Making of Italian Creek
by Honza “IcemanJ” Jinda


Texturing - I think texturing was the most interesting part of production. I want to create really complex realistic looking textures. I used a lot of textures from mainly from cgtextures.com and from my own photo library. I paid most attention to textures which take most space in render. My final resolution was about 3000px so I must prepared suitable textures. Texture size should be two times bigger than its space in render. I tried to adjust resolution for almost all of my textures with my sample mapping reference (made by loocas duber - http://www.duber.cz/dump/uv_map_reference.jpg). If reference was sharp in render, resolution was right so I start to create final texture. In pictures you can see examples of some interesting textures.

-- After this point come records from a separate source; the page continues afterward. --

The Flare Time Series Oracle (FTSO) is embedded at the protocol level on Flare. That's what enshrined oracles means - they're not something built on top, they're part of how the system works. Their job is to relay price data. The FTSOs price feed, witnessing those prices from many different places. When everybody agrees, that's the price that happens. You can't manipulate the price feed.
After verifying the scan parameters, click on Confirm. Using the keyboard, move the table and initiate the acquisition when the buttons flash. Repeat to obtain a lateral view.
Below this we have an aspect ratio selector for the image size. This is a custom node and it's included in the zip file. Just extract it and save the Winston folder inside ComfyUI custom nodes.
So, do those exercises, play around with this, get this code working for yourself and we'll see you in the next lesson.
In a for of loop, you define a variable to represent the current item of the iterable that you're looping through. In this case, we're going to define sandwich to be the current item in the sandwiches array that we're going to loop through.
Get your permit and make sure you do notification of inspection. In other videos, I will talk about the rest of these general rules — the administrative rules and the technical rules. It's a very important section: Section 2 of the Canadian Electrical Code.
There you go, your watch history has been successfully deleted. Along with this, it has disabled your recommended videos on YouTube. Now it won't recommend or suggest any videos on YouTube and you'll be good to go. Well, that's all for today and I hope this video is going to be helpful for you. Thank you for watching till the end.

I used almost same technique, some base texture of surface, mostly desaturated or with very low saturation, then I was adding lot of other layers to achieve some irregularity, these textures maybe of little different color. After creation of some surface I add details and lot of dirt, because buildings are quite old. Finally I add color layer with some suitable blending mode and adjust levels etc. When I’m satisfied then I create other maps for material of the object, especially bump maps. I used finalRender R2 for rendering all materials and those are based on fR-Advanced material. Materials in scene are really really simple, nothing complex.




This is my first project where I tried to use NodeJoe plugin. It’s awesome upgrade for materials in max. With NodeJoe, it’s really easy to create complex materials and mainly it helps to orient in maps of our material. In picture you can see tree of one most complex material used for cubes on pavement. I must point out that I’m using Color correct map, which is coming with finalRender, it allows you to control a lot of parameters of map directly in max such as brightness, contrast, RGB values or HSV etc.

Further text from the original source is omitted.